Budget Season Foundations: Establishing your Revenue target for next year

Budget season is an incredibly busy time of year.  You are delivering results today for your monthly and quarterly goals, you are planning strategically for the next quarter, and now you need to think about next year. 

If you are like me, getting started on something new can be hard. As it relates to your budget season cycle, I recommend the following steps to help you get started in a fast and tangible ways. 

Step 1:  Understand the state of your business via analysis

Become a student of your business.  Look at your YTD date performance (revenue, margin, sales, opex, consumer sentiment). Compare your YTD performance to prior years. Understand your current trends.  Evaluate your trends through the lens of prior year performance. Take a 360-degree point-of-view of the consumer and competitive landscape for your business. 
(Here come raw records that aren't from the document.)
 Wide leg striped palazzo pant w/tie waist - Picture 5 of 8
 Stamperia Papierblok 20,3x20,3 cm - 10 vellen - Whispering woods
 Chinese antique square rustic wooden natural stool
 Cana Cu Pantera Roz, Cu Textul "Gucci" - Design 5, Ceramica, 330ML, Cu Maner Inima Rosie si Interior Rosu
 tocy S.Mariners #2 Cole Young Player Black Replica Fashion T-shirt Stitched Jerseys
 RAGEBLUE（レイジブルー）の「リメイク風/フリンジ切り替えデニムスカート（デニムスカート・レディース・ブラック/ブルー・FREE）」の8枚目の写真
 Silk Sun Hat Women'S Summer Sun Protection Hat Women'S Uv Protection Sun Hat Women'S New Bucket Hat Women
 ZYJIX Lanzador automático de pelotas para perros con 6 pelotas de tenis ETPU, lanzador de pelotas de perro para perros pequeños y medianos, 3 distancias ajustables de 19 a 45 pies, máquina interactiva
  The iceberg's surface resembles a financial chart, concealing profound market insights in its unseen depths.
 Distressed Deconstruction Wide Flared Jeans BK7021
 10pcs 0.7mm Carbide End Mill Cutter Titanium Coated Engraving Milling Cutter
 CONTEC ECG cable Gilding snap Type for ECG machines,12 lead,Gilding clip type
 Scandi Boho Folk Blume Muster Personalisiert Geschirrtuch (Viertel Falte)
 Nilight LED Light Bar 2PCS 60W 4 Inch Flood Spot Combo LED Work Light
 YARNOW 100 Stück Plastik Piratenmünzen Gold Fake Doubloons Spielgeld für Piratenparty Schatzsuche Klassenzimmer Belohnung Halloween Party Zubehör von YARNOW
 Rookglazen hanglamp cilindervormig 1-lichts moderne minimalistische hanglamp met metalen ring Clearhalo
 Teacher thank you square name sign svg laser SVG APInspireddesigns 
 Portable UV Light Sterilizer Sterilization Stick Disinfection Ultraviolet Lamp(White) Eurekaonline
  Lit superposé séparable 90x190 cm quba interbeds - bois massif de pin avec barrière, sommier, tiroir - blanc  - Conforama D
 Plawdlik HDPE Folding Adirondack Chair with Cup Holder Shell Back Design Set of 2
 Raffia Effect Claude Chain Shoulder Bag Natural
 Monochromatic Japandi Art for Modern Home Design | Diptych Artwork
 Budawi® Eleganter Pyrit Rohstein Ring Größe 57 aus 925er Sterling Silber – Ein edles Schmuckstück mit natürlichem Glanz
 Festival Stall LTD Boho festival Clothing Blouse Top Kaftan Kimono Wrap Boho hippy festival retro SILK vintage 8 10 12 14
Step 2:  Lock-in your EOY Expectations.

Identify where you will land financially at the end of your current fiscal year.  Because you became a student of your business, you are now well versed on your current performance and the opportunity/risks in your business.  Apply your learnings and build out a data-driven forecast model using your current YTD trends to identify where you will end your fiscal year financially.  I personally like to build in “low, mid, high” assumptions into the forecast model using your historical performance trends to help build some flexibility into you budget season plans.   
  
Step 3:  Establish your revenue goals for the upcoming year

Set your “top-down” revenue goals for your annual budget.  Now that you have a data-driven forecast where you will finish your fiscal year, you can now apply “simply math” to identify your revenue targets for the upcoming year.  I will share a simple math example to this exercise.

·       You are given direction that you need to deliver a 7% increase in revenue over your current performance

·       Your forecast model predicts the following for your year-end performance:

Low- $100M
Mid- $105M
High- $110M

By applying your 7% year-over-year performance to your forecasted expectations, you now can get started knowing that you need to deliver between $107M-$118M next year.

As you continue through the budget cycle (which from my experience can range anywhere from 3-5 months), you will be able to refine your forecast assumptions as your monthly performance comes in each month.

This 3-step process can help you kickstart your budget cycle, and equip the rest of your team now that you have established these high-level “top down” revenue assumptions.